Hatıralar; bazen yağmur, bazen dolu, bazen kasırga yüklü
bir bulut gibidir. Bazen tüyden bir yatak, kar gibi… Bazen de yürekleri teskin eden teselli, tatlı sözlü bir dost… Bazen öyle zamanlarda karşına çıkar ki hatıralar depremler geçirir kalp...
Bugün eski anıları tazeledim. Bir hayatın temel
taşlarının atıldığı şehri ziyaret ettim. Uzağı, yakını hayal ederek, geçmişe
seyahat ederek. Ziyaret ettim ruhumun sükûnet bulduğu medreseyi… Herkes biliyor ki hayat son bulacak, hatıralar
bizden sonrakilere miras olarak kalacak. Ama şunu kabul edelim ki yaşamayı,
yaşama dair hakikatleri bilenimiz çok az.
Hatıralar bir film şeridi gibi geçti gözümün önünden
ırmak boyunda. Kâh kaleye ters sırttan çıkışım, kâh sevdiğim zamane insanlarla
çay içişim, kâh gülüp eğlendiğim mekânlar, kimi acı hatıralar. Medresede
kimsenin çıkamadığı yerden bir vakit dışarı çıkıp geldiğim o zamanlar,
ortasındaki havuzda yüzdürdüğüm kavunlar, karpuzlar, suyuyla oynayıp temizleme
bahanesiyle girdiğimiz ama sonu eğlenceli bir oyuna dönen havuz sefaları. Hiç unutamadığım
esir oyununda kale alışım, soğuk kış günlerinde çay aldığımız içi beni dışı
elimi yakan demir bardaklar. Ramazan günlerinde kuyrukta aldığımız et yemeğinin
soğuk kış aylarında kaleden top atılıncaya kadar donması. Kurbanlarda eve
gitmeyip güle oynaya kestiğimiz, yüzdüğümüz kurbanlar, kasa kasa gelen sebzenin
meyvenin her türlüsünden kilere taşıdığımız o zamanlar. Hatta at arabasıyla
medreseye malzeme pazarın artıklarını getiren adamın gelişi yok mu işte
ağzımdan çıkan hakikat ve eli boş dönen arkadaş. Babamın beni ilk medreseye
bırakışı ve peşinden o 2 ay sonra tekrardan gelinceye kadar her namazda, yorganın
altında, banyoda ağlayışlarım. Çoğu zaman okuduğum Kur’an-ı Kerimimi ıslatan gözyaşlarım…

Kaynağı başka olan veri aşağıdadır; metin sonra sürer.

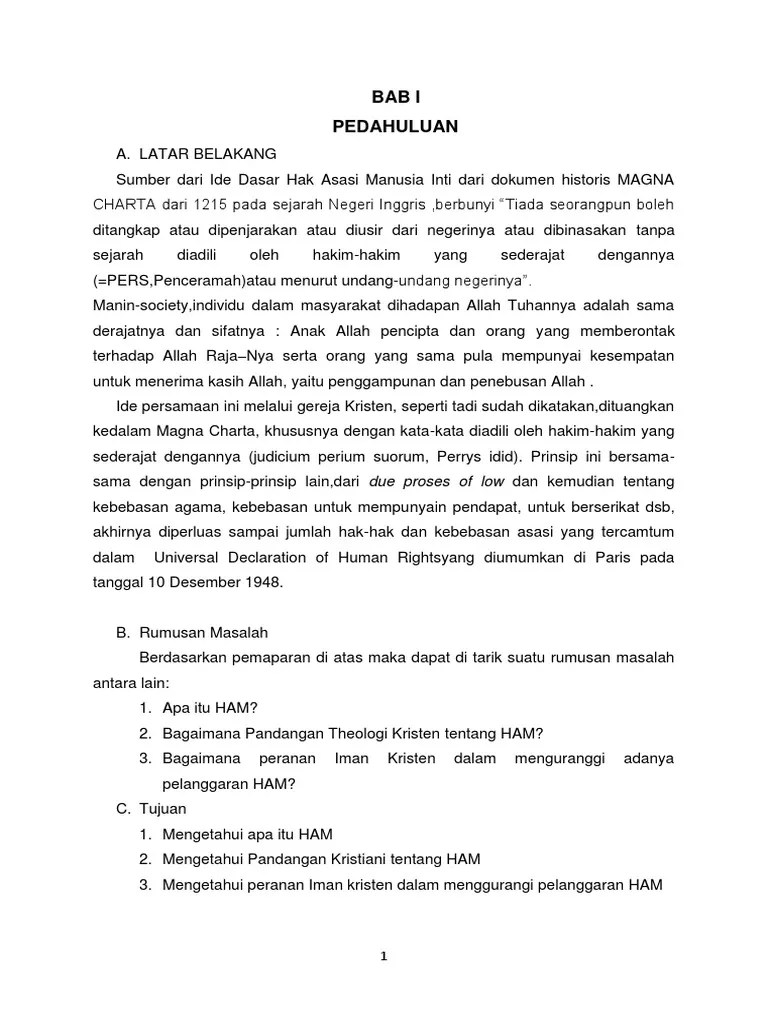 Makalah Agama Kristen Tentang Ham - Contoh Makalah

Belki hatırlayıp yazabildiğimiz bunlar, yazamadıklarımız içimizde kalbimizin
derinlilerinde, köşede bir yerde hep kan ağlar…
Herkes bir şeyleri hatırlar yaşadıklarına dair. Hatıralardan,
dinlemediğim hoca nasihatleridir en çok içimi yakan. Kim bilir kimler duymuştur
bir bir gerçekleşişini seyrederken kalbinde buram buram acı tütsülerinin
kokusunu, dinlemediği nasihatlerin. Kim bilir kimler şimdi özlemini çeker bir
hocam nasihat edişini ve kim bilir hangi hocalar şahittir nasihat ederken bıyık
altından gülüşlere. O kıymetli insanlardan biri yine söyledi söyleyeceğini, “
sadrı kelam hadis gibidir, onlar ki yaşana yaşana, tecrübe edile edile artık
doğruluğu ispatlanmış gerçeklerdir.” Tıpkı bir merdiven basamakları gibidir,
kırığı, çıkığı, çürüğü ayıklanmış, tecrübelerle dolu yaşlı hayatlar. Ağızdan çıkan
her söz hayatlarının bir safhasında karşılık bulmuş hakikatler.
Tatlı bir muhabbet şimdi her hatırladığım anı. Kimisi
içimi kemirse, kimisi karşıma çıktığı yerde bir deprem gibi beni titretse ve
kimi beni alıp çok uzak diyarlara, zamanlara alıp götürse de.
Hatıralarınızın her daim hayatınızda tatlı rüzgârlar estirmesi
temennisi ile sağlıcakla kalın dostlar.